Azithromycin is an azalide antimicrobial with excellent tissue penetration (28). It achieves concentrations in macrophages and neutrophils that are >100-fold higher than those measured in serum (29, 30). The drug also has a half-life of 2 to 3 days, which allows once-a-day dosing (28). The pharmacokinetic-pharmacodynamic (PK-PD) parameters predictive for the efficacy for azithromycin in enteric fever have not been determined, but in other studies, free drug area under the concentration-time curve from 0 to 24 h/MIC ratio (AUC24H/MIC ratio) was the parameter found to be most predictive of efficacy (31). It may be that levels of azithromycin in plasma and an in vitro MIC result are not the best measures of efficacy for this antimicrobial, which is highly concentrated at the site of intracellular infection. The pharmacokinetics of azithromycin was not measured in the trials studied here, and we advocate that future trials in enteric fever must incorporate pharmacokinetic measurements to allow correct analysis of PK-PD parameters.

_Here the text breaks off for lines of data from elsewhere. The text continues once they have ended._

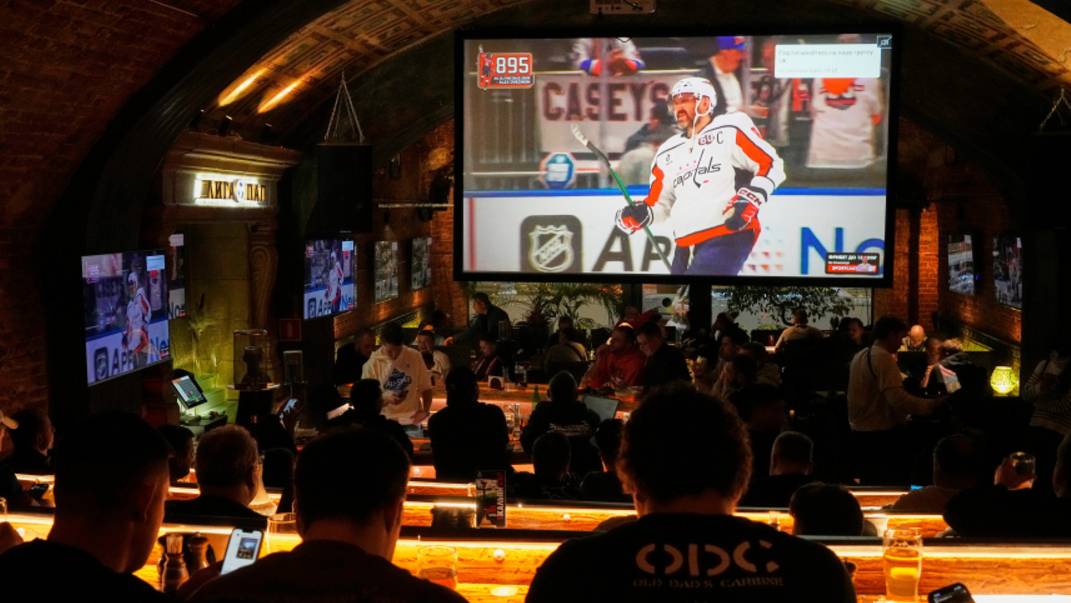 Овечкина осыпают поздравлениями со всего мира: реакция близких и фанатов на его мировой рекорд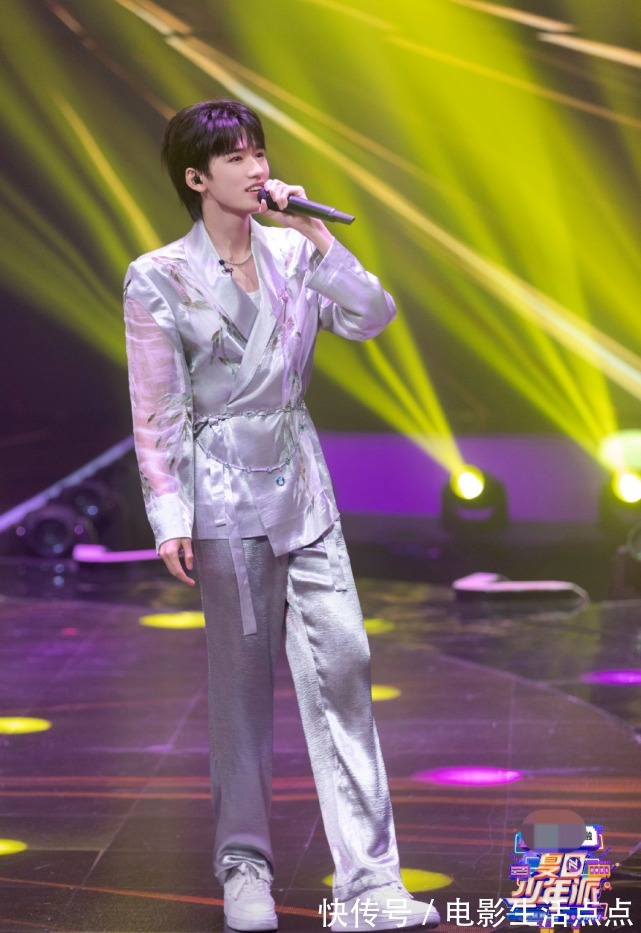 張真源|《夏日少年派》開盲盒,蕭敬騰驚喜現(xiàn)身,浮夸演技大比拼?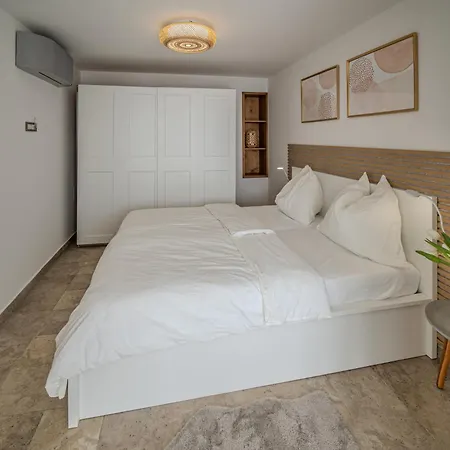 Nachhaltige Wellnessauszeit Mit Traumblick, Pool, Sauna, Whirl-Wanne Opatija Exterior photo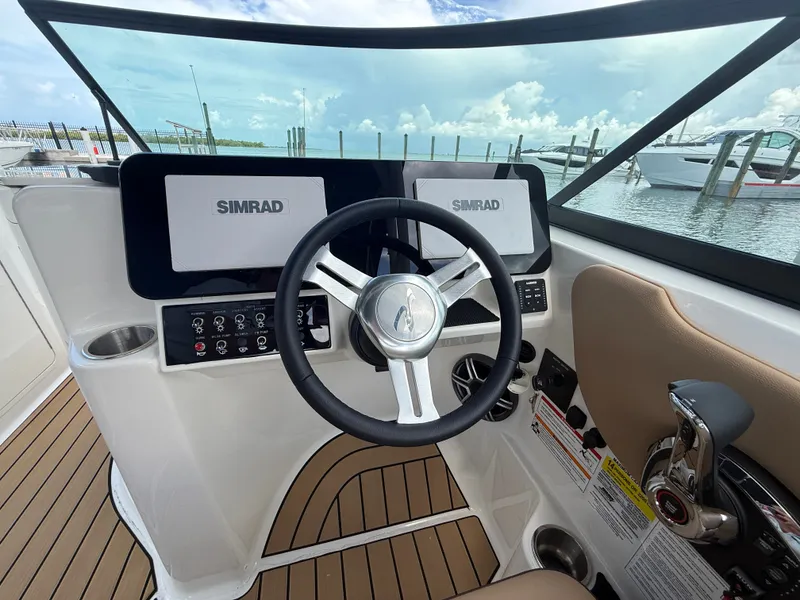 Slide: The Image of Sea Ray SDX 250 Outboard 2026 - 14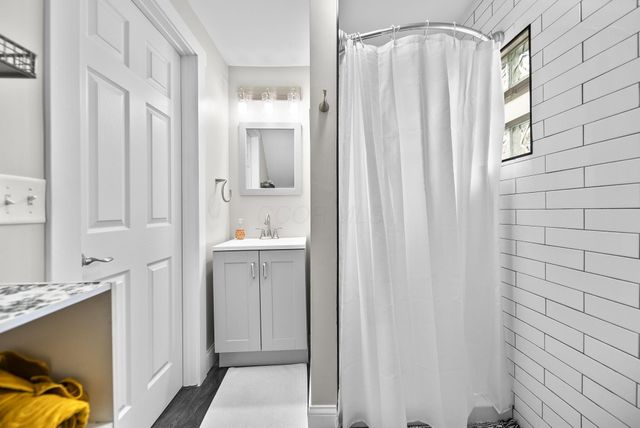 1924 Sullivant Avenue, Columbus, OH 43223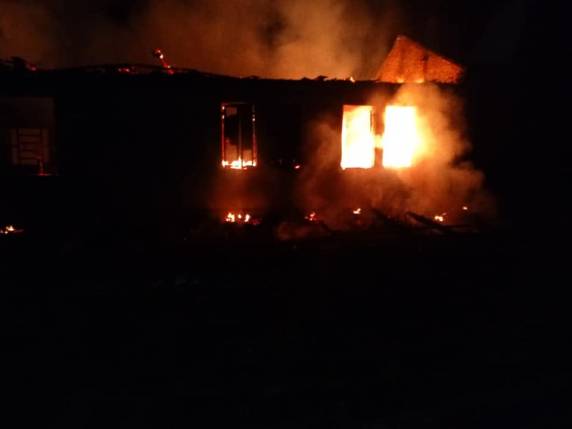 Escola desativada é destruída por incêndio no interior de Três de Maio - foto 3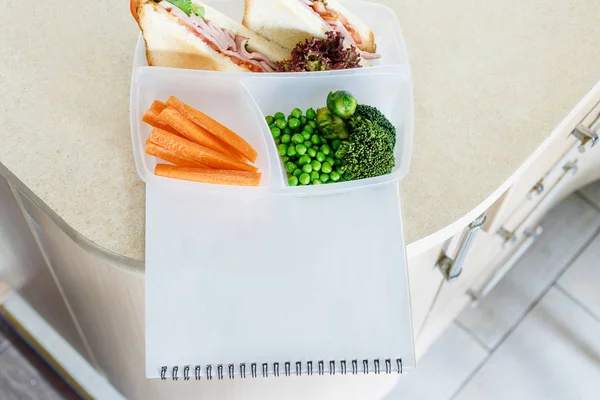 School Lunch Boxes Sandwiches Fresh Vegetables Home Kitchen Table — Stock Photo, Image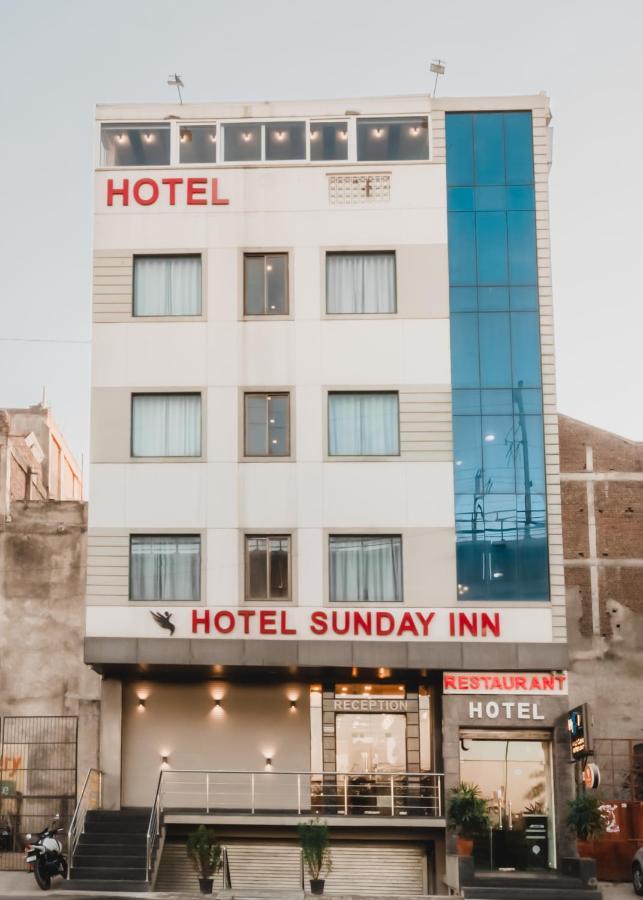 Hotel Sunday Inn Τζαϊπούρ Εξωτερικό φωτογραφία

In summary, our data support the proposition that an azithromycin MIC of ≤16 μg/ml defines a wild-type population of S. Typhi isolates (24, 25). We further show that this MIC defines a population of isolates associated with a satisfactory response to azithromycin treatment in uncomplicated disease and propose tentative disk susceptibility breakpoints that will detect such isolates. We recognize that there is insufficient clinical and PK-PD data to determine the response to treatment in infections with S. Typhi isolates with an azithromycin MIC of >16 μg/ml or generally with S. Paratyphi A infections. We are aware of sporadic cases of treatment failure with S. Paratyphi A infections with azithromycin MIC of <16 μg/ml (22, 32) and increasing reports of isolates from enteric fever patients with an azithromycin MIC of >16 μg/ml (33, 34). We suspect that the use of azithromycin to treat enteric fever may be driving their emergence. Clearly, further studies in this area are essential, as the therapeutic options for enteric fever continue to narrow. Currently, third-generation cephalosporins or fluoroquinolones are the only real options available for enteric fever infections that are MDR and nonsusceptible to ciprofloxacin, yet increasing reports of resistance with these agents mean that azithromycin may itself emerge as a crucial drug in the future treatment and control of enteric fever.